Entrevista de Ana Dias Cordeiro à psicóloga Margarida
Gaspar de Matos, que saíu no Publico a 9 de julho de 2017 com o título Não há uma idade certa para se falar da IVG nas
escolas”:
"O que
aconteceu para os jovens deixarem de gostar da escola nestes últimos 30 anos?
Os [nossos] estudos desde 1998 mostravam que os miúdos tinham a percepção de
serem os piores da Europa inteira, mas ao mesmo tempo gostavam muito da escola
— dos recreios, de conviver com os colegas, de algumas actividades e de alguns
professores. Em 2014, baixou o
gosto pela escola em geral, incluindo pelos recreios.
Por que
motivo?
Houve um grande desinvestimento nas áreas curriculares não disciplinares, em
que os miúdos podiam construíam projectos de escola com os professores. Saiu da
escola toda essa componente relacional e de cidadania e a escola passou a
centrar-se unicamente nas aprendizagens, com aquele foco imenso
na Matemática e no Português.

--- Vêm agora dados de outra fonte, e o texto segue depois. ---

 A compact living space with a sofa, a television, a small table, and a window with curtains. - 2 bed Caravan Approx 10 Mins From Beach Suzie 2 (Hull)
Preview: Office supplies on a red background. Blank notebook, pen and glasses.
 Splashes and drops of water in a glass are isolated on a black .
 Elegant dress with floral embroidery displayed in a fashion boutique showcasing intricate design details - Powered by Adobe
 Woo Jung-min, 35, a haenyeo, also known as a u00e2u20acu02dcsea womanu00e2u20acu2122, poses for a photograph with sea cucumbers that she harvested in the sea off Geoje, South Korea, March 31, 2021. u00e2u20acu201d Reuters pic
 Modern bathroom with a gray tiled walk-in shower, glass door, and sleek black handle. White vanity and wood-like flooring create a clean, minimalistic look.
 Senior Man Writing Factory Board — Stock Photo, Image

Nós não queremos crânios a Matemática
e a Português para depois irem tomar medicação psicotrópica.
As políticas do ensino levaram a essa
situação?
Eu não posso dizer isso assim, mas aconteceu tudo ao mesmo tempo: uma mudança
do clima da escola, das políticas educativas e das expectativas sobre o futuro
que, aparentemente, tiraram o gosto por tudo o que tenha a ver com a escola.

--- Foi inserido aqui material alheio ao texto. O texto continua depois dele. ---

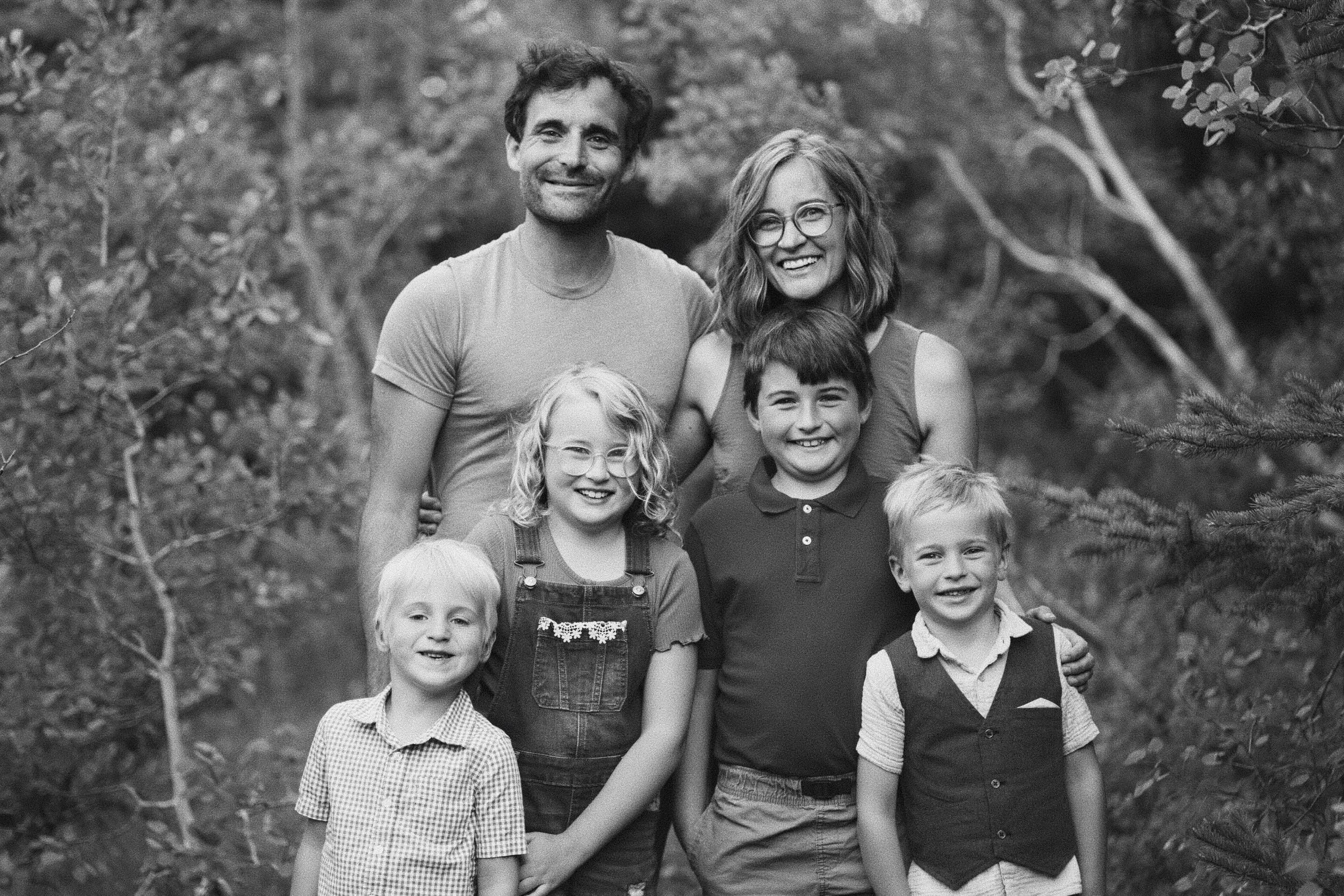 Black-and-white portrait of a family of six smiling together among the trees, the four children gathered in front of their parents.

Neste momento, há todo um ambiente economicista que não favorece envolvimento
dos professores. Além disso, as políticas públicas têm que ter uma
continuidade. A descontinuidade é trágica.
Como
vê esta nova experiência do Ministério da Educação (ME) para flexibilizar
currículos (dar margem às escolas para juntar ou criar novas disciplinas)?
É uma boa ideia os jovens e os próprios professores serem chamados a reflectir
sobre os currículos, porque há matéria a mais para o tempo disponível, e os
professores e os alunos são os melhores para fazer essa análise. Mas uma coisa
é a lei e a outra é o que vai acontecer.
Se
for bem feito, é bom. É isso?
Se for feito realmente com propriedade. A gestão das escolas, às vezes, define
o que pode ser feito entre o excelente e o péssimo. O Ministério tem que
monitorizar para, pelo menos, o médio acontecer nas escolas todas.
Qual
a sua opinião acerca do recente projecto do ME de “referencial de educação para
a saúde” (orientações às escolas) em que se propunha abordar
com os alunos do 2.º ciclo a questão da Interrupção Voluntária da Gravidez
(IVG)?
Eu estou contra um professor chegar a uma aula com um power point e falar de
IVG como se fosse matéria. A questão nunca se pôs assim. A questão é se,
nalgumas condições, será lícito falar disso."